Contohnya, pohon jelatang, ada juga yang mereka sebut pohon siterkem yang
getahnya sangat beracun dan dapat membuat tubuh kita hangus berborok. Lainnya
misalnya buah enau, bergetah sangat gatal. Dan kalau kita terkena getah buah enau,
obatnya adalah diusap pakai ijuk enau itu sendiri. Beribu-ribu jenis tumbuhan yang
merupakan racun sekaligus obat yang dipelajari oleh Pawang, sehingga dia tidak
pernah ragu sekalipun ular lidi yang sangat berbisa itu menggigitnya. Tubuhnya juga
sudah dikebalkan terhadap racun, dengan meminum ramuan daun dan kulit kayu
yang direbus dengan periuk tanah. Pawang sudah menammatkan empat tingkatan
yakni ilmu pencak silat, ilmu berkomuninkasi dengan binatang rimba, ilmu
pengenalan tanaman yang bersifat racun dan obat serta ilmu filsafat atau adat
istiadat hidup bermasyarakat. Rimba belantara itu sudah menjadi rumah yang indah
bagi Pawang. Dan semua ilmu itu didapatkan karena persahabatannya yang sangat
baik dengan si Rimau, macan yang belangnya menyatu di pusar, yakni Harimau
Kembaran saudara kembar nenek moyangnya. Ilmu silatnya sudah matang berkat
ketekunannya berlatih dengan si Rimau, kadang-kadang dia terluka oleh cakaran
macan itu, tapi segera bisa disembuhkan karena obatnya sungguh banyak di hutan.

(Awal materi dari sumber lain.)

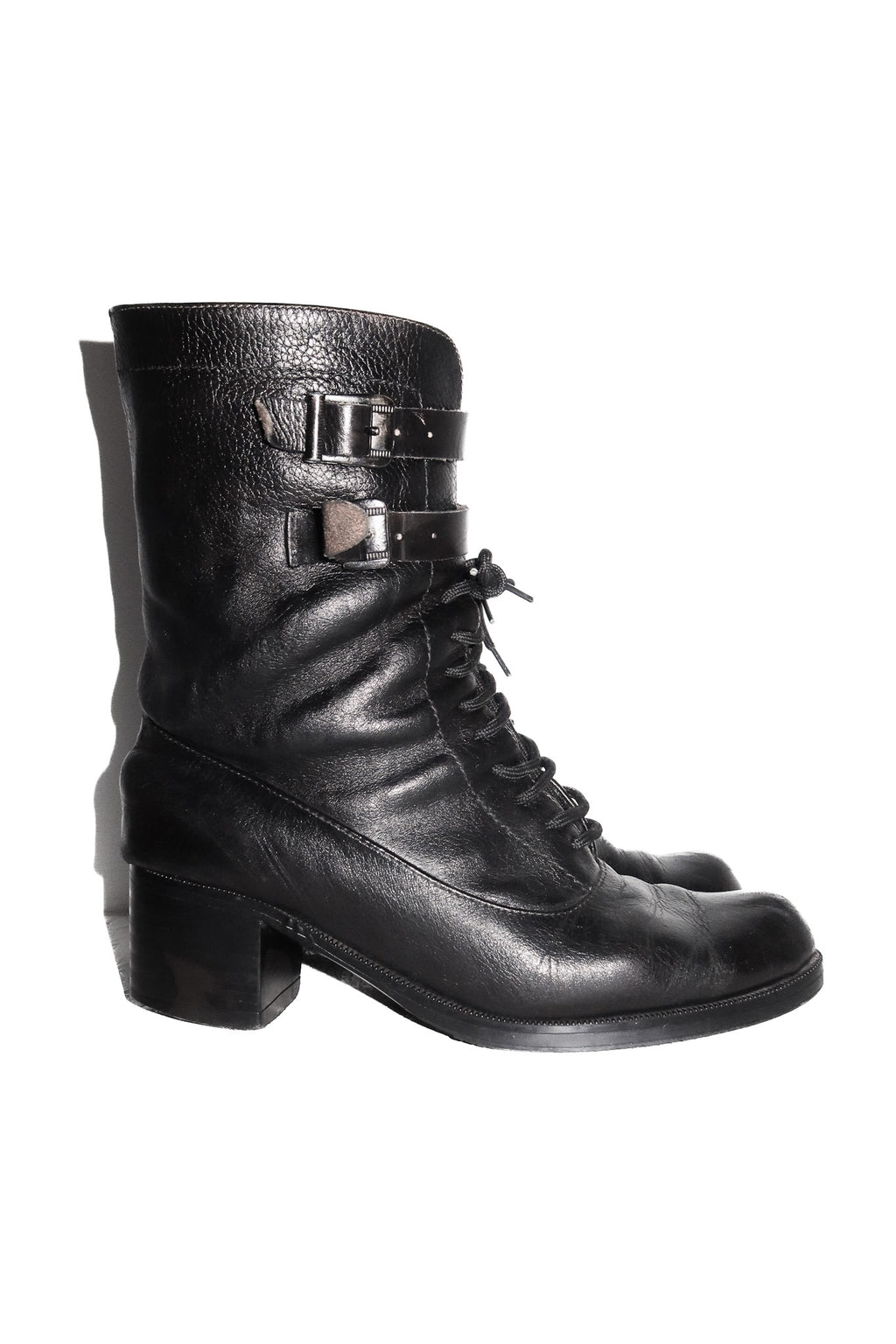 vintage leather moto lace-up buckle boots brown/black.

Empat puluh purnama sudah dijalani, tibalah saatnya berpisah dengan Datuk.
Bagaimana dengan si Rimau? Kalau si Rimau dibawa ke kota, pastilah gempar.
Orang-orang akan ketakutan dengan kehadiran raja rimba itu. Maka keberangkatan
Pawang meninggalkan Srenggani, menuju desa Sapo Padang yakni perjumpaan Lau
Biang (Sungai Wampu) dengan Lau Simbelin. Di sana ada dataran tempat kakeknya
beserta keluarga yang lain menanam kelapa, nipah, nangka dan tanaman yang
dibutuhkan sehari-hari. Di sana juga ada pertapaan, tempat kakek Pawang (Penghulu
Tanah Ketangkuhen) menimba kesejatian hidup. Ada juga Pancur Perpangiren,
sebuah taman bunga-bungaan dan daun-daunan dengan tiga buah pancuran yang
berair sejuk, yang airnya kemudian mengalir ke sungai. Daun-daunan itu disebut
juga bulung-bulung simalem-malem sedangkan bunga-bungaan itu disebut rudang-
rudang simelias gelar sebagai kelengkapan dalam upacara memberikan kehormatan
kepada nenek moyang yang telah mewariskan kehidupan.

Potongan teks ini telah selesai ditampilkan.